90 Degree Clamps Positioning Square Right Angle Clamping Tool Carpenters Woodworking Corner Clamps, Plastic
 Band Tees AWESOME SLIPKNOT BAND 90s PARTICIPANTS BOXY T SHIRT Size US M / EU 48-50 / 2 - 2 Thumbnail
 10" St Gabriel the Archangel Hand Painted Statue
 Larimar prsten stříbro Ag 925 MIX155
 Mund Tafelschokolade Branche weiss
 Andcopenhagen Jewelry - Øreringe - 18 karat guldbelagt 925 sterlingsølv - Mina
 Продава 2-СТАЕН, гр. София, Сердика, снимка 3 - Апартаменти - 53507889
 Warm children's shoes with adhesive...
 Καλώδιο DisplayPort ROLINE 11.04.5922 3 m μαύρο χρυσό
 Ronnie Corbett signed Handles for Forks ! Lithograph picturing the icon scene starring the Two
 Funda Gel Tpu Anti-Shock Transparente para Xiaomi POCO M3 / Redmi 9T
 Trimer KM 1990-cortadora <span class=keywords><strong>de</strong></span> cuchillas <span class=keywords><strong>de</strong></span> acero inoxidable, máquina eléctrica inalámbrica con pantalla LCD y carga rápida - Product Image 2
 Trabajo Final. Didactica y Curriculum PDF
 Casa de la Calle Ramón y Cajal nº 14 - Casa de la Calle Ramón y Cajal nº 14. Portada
————————
- _INSTRUCTIONS FOR THE TASK_
Nothing but the lines from the one that contains "Продава 2-СТАЕН, гр." through the end of the data above should appear, each reproduced exactly.

- _OUTPUT OF THE EXERCISE_
 Продава 2-СТАЕН, гр. София, Сердика, снимка 3 - Апартаменти - 53507889
 Warm children's shoes with adhesive...
 Καλώδιο DisplayPort ROLINE 11.04.5922 3 m μαύρο χρυσό
 Ronnie Corbett signed Handles for Forks ! Lithograph picturing the icon scene starring the Two
 Funda Gel Tpu Anti-Shock Transparente para Xiaomi POCO M3 / Redmi 9T
 Trimer KM 1990-cortadora <span class=keywords><strong>de</strong></span> cuchillas <span class=keywords><strong>de</strong></span> acero inoxidable, máquina eléctrica inalámbrica con pantalla LCD y carga rápida - Product Image 2
 Trabajo Final. Didactica y Curriculum PDF
 Casa de la Calle Ramón y Cajal nº 14 - Casa de la Calle Ramón y Cajal nº 14. Portada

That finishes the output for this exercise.